The NSA has for decades been central to the Sunni Muslim-ruled kingdom's efforts to overcome protests by members of the country's Shi'ite Muslim majority.
The king also issued a decree appointing Sheikh Talal bin Mohammed bin Khalifa Al Khalifa as deputy interior minister.
In August, three Bahraini human rights groups accused the Gulf Arab monarchy's NSA of the systematic use of censorship, torture, and sexual violence towards female detainees.
A security official said at the time it would investigate the allegations, but subsequent actions by Bahrain, including threats to take Qatar to the ICC, indicated that they felt the allegations were part of a joint conspiracy from Qatar and Iran.
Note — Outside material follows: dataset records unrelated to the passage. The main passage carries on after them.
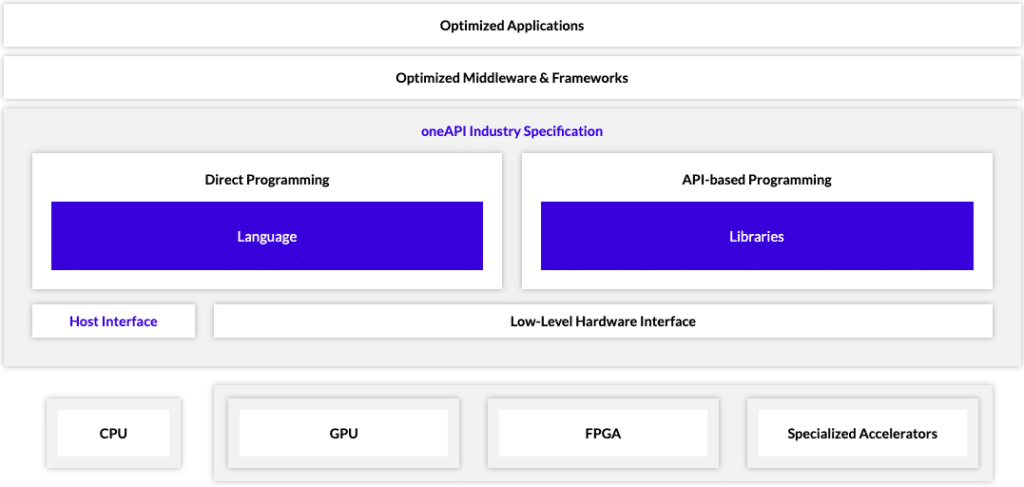 Overview of OneAPI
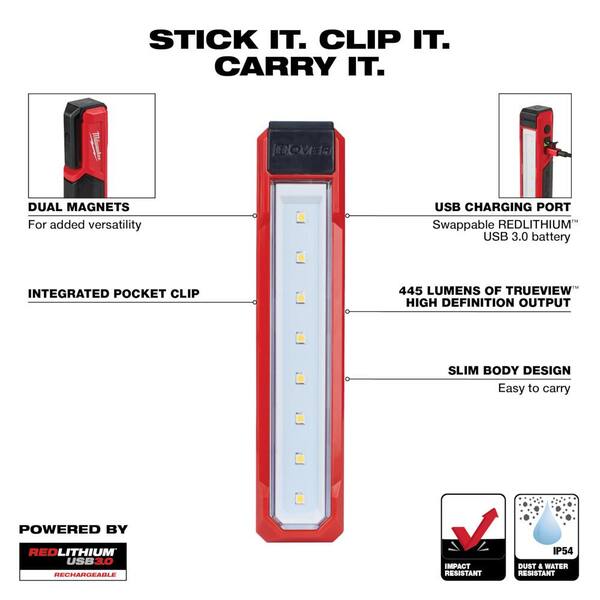 Milwaukee RedLithium USB Rechargeable Pocket Flood Light Kit 445 Lumens 2112-21 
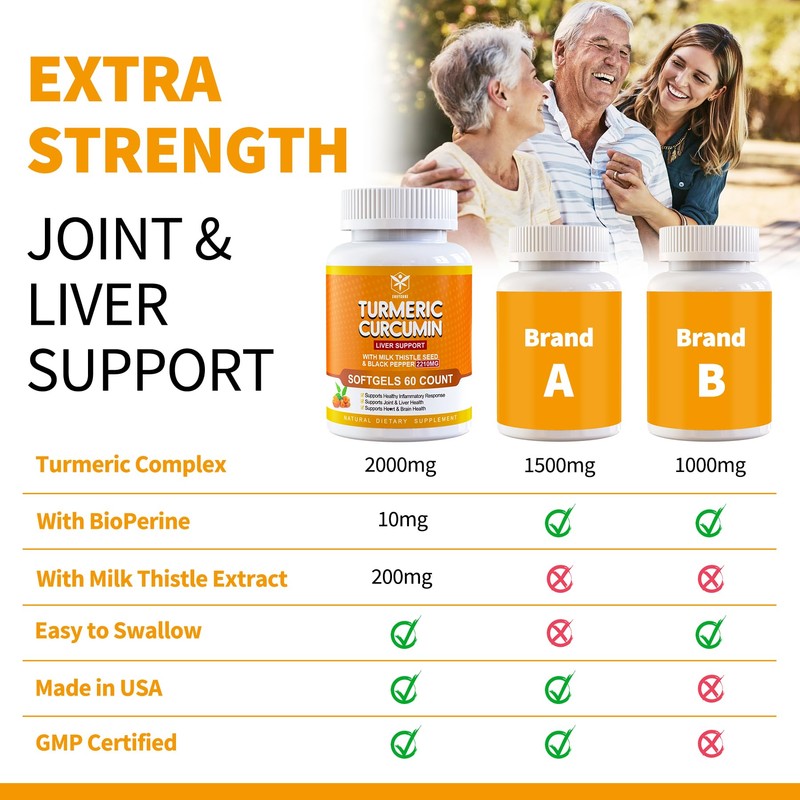 5 in 1 Turmeric Curcumin Softgels 2000mg with Milk Thistle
In 2011, Bahrain put down an uprising by pro-democracy activists, many of them Shi'ites. The monarchy believes the opposition seeks to overthrow it by force and accuses Iran of aiding in deadly militant attacks on security forces. But the opposition believes that such claims have been consistently used as an excuse to prevent the legitimate demands to reform the country from coming into fruition.
Home to the U.S. Fifth Fleet, Bahrain denies opposition claims that it marginalises Shi'ites economically and in government representation.